The May Queen Murders by Sarah Jude takes place in a small farming community called Rowan’s Glen. The main character, Ivy Templeton, has lived there her whole life. Her family has been there for centuries so Ivy feels a deep connection with the place. Life in Rowan’s Glen is full of superstition and old-fashioned ways of living. Ivy’s best friend is her cousin Heather and they have been as close as sisters for their entire lives. However, Heather starts acting strangely and keeping secrets. Then after the May Day celebration Heather goes missing forcing Ivy to uncover secrets about both her cousin and the town she has loved her whole life.
I absolutely loved the setting of this book. The Rowan’s Glen community was really intriguing. They had one vehicle for the whole town, the used barely any electricity preferring candles and fires. They relied on old school medicine to treat illnesses. Whenever Ivy and the other kids were shown interacting with other people their differences really stuck out. They were picked on in their school and a lot of the other students called their way of living a cult or that they were all crazies. It was an interesting to see that from the perspective of someone inside this community rather than outside of it. I think it was a good lesson in not judging people’s way of life.
As for the plot is was a little predictable. There ended up being more than one mystery in this book and I only figured out one of them. The other ones came up as a surprise.

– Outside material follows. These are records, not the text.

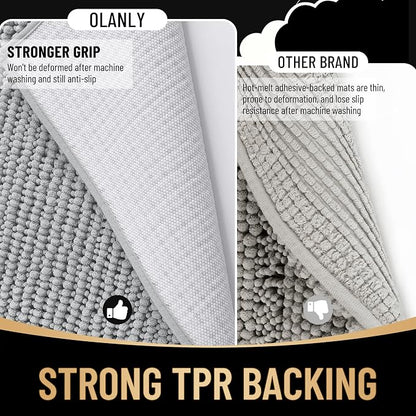 OLANLY Thick Chenille Large Bathroom Rugs Mats 40x32, Light Grey | Soft Absorbent Bath Rugs, Rubber Backing, Machine Wash Dry, Bath Mats for Bathroom, Tub and Shower, Home Decor Accessories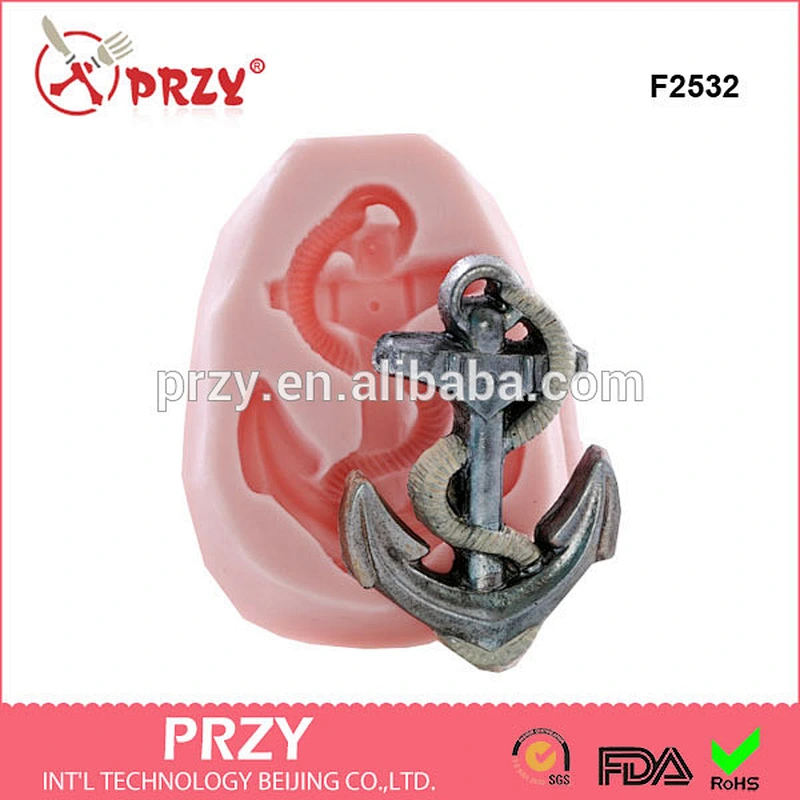 F2532 new products silicone baking Ship Anchor fondant silicone mold Ship Anchor cake decorative silicone mold
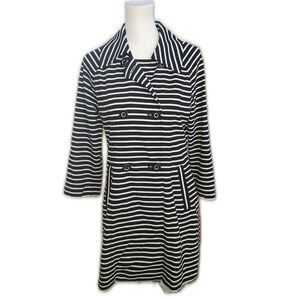 CAbi Style #5151 The Maritime Striped Black & White Trench Coat Jacket, S
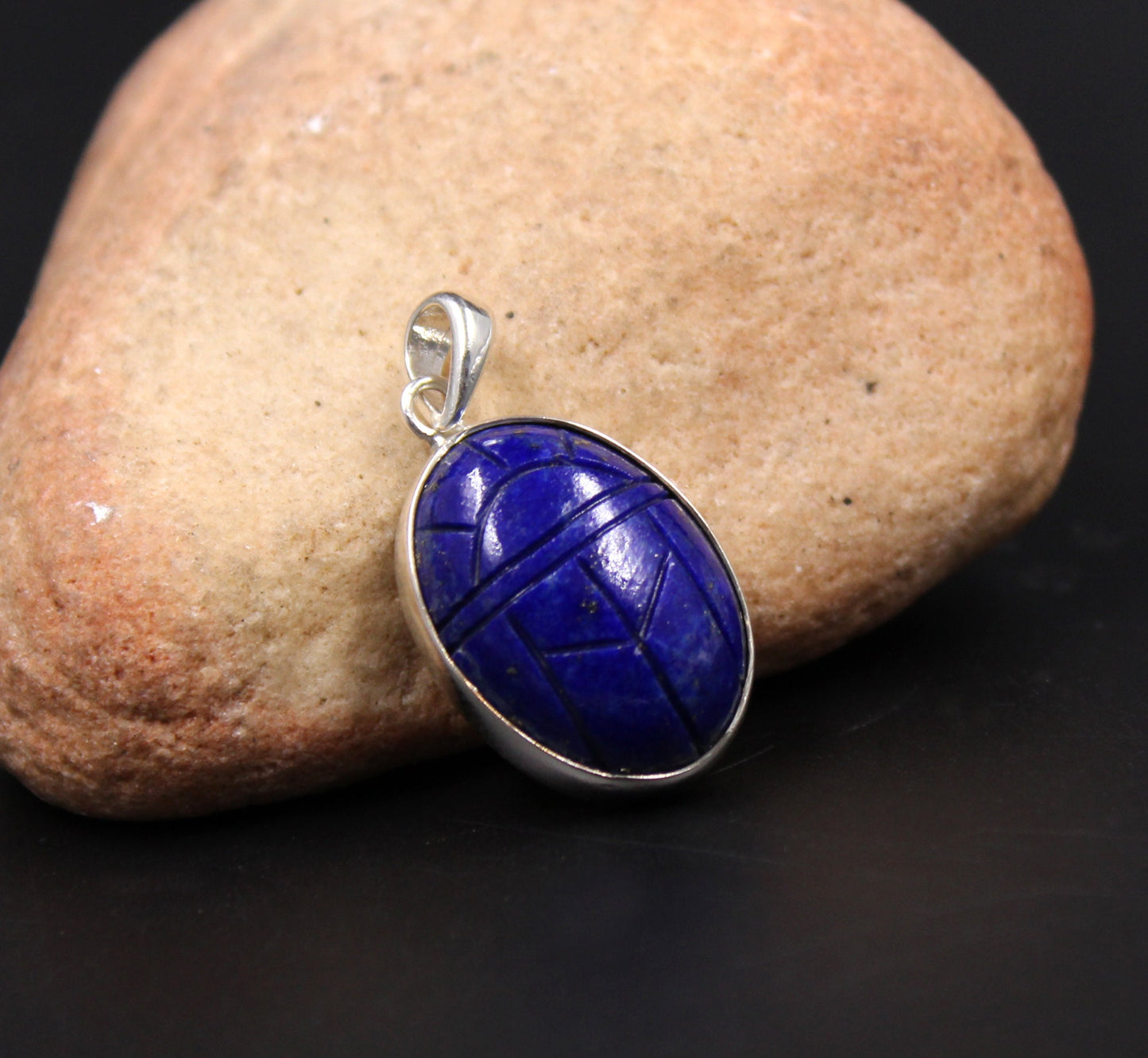 Sterling silverLapis Lazuli Scarab Pendant, 925 jewelry,Unisex Pendant,Christmas Gift for Aunt/Grandmother,Birthday Gift Pendant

They were nice twists though and that is something I can appreciate in a book. This book had a lot of dark undertones where the picturesque community that seemed so simple is really more complicated than it looks.
I think my favorite part of the book was the different superstitions that Ivy was raised to believe in. I love learning about different folktales and superstitions from different cultures. This book was full of them and each one played a role in the storyline. It is always interesting to see how people’s beliefs in these things can effect what happens in their lives.
Overall I enjoyed this book. It wasn’t anything spectacular but it was still a good mystery to try and solve.